Indo pela Mostardeiro e atravessando a Goethe na tarde de domingo, vi em frente ao Habib’s não mais que uma dúzia de aficionados do golpe militar, pedindo buzinadas de apoio. A pantomima com fantasias verde-amarelas tinha a densidade de uma manifestação pela restauração do império, e pensei no ridículo da cena, ainda maior por contrastar com as multidões que tempos atrás povoavam o santuário porto-alegrense do golpe.
Isso foi há uma semana. Logo, como no transbordar de um copo, o interior profundo começou a se manifestar. Caminhoneiros não habitam as grandes cidades, não ressoam em suas praças, não se fazem ouvir. Não até pararem. Quando param – e conseguem fazê-lo como ninguém, até porque, como ninguém, têm o apoio dos empresários –, tudo muda.
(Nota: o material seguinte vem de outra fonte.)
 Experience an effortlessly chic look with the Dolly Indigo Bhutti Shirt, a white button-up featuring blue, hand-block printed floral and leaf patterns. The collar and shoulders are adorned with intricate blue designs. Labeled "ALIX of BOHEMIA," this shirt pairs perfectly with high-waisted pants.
Muda porque param todos, muda porque, ao pararem, afetam a vida de todos.
E agora souberam, antes e melhor que qualquer um, dar voz à angústia de uma nação inteira, seja dos que, de um lado, viram sua presidente ser apeada, seja daqueles que, de outro, ajudaram a apeá-la e agora se veem traídos. Em ambos os lados, a desesperança, a exaustão, o emudecimento. E a greve dos caminhoneiros veio como o grito antes preso, deu voz aos desesperançados.
Ao menos no início, até que mais e mais venha a estafa, até que a Globo comece a atacar e o sacrifício comece a cansar e, com isso, a vazar o apoio, os caminhoneiros souberam confrontar o Governo e mostrar o rei nu. Ao fazê-lo, nos representaram a todos.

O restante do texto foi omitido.